CineForm Direct-to-Disk Recorder

There was a talk on recording performances on the mailing list some weeks ago, so this might be interesting (found via createdigitalmotion)
[url]http://www.cineform.com/products/CineFormRecorder.htm[/url]

Regarding recording to disk,

I have a 4-core machine. Mixxa’s built-in recording to QuickTime on disk is almost impact-less. Example:

Comping at 440x330 was running at 43 frames per second.
Comping AND recording at 440x330 was running at 43 frames per second. 0-impact.

Comping at 640x480 was running at 35 frames per second.
Comping and recording at 640x480 was running at 31 frames per second. Some impact, not too bad.

This box does HD recording though :smiley:

I don’t think many single drive systems could handle HD bandwidth writing at 30fps yet. Maybe solid state disks will be able to handle it, and it looks like 2008 might be the year they become readily available.

This one sounds promising
[url]http://www.engadget.com/2007/12/28/more-info-on-fusions-iodrive-the-pcie-card-with-massive-flash/[/url]
[url]http://www.fusionio.com/products.html[/url]

Yes, IOdrive is promising and $.
projected at $30 a gig, and 80 gig is the smallest size that one will be able to obtain.

Thanks for the clue in!

Jim

Was researching how Turbo Cache works.

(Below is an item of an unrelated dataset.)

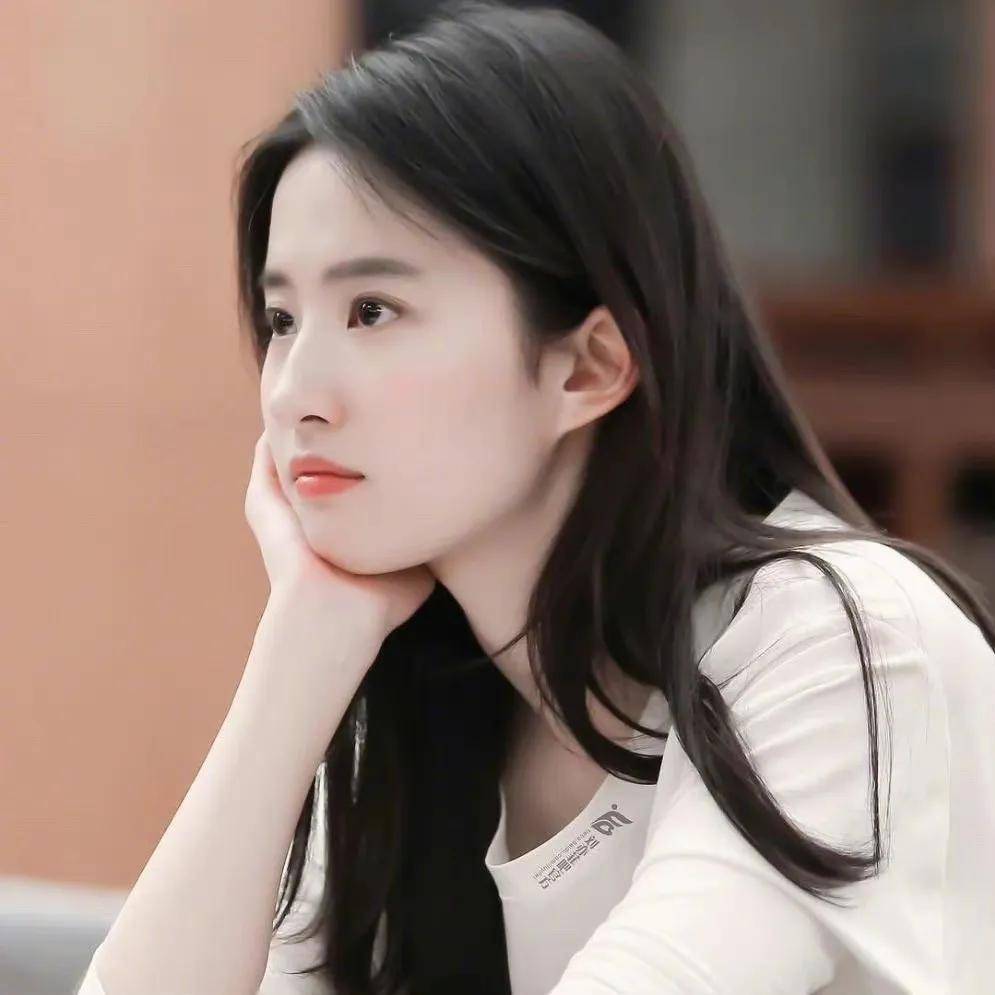 刘亦菲15岁爆红被骂“变性人”的20年单亲女孩如何逆袭成国际巨星封面图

Was wondering if it’s memory was just as fast as the memory built into the card?
A 128MB GPU has another 895MB Turbo Cache so does that make it 1G of total stored memory. Is that extra 895MB of memory fast enough for real-time? Shouldn’t I be looking for GPUs with more dedicated main memory?

Do we need a Fusion card with 80G of flash memory? Where would this benefit the most?

~Shawn

Turbo cache is just your main system memory. Along with using up the main memory, it is also slower than main graphics memory.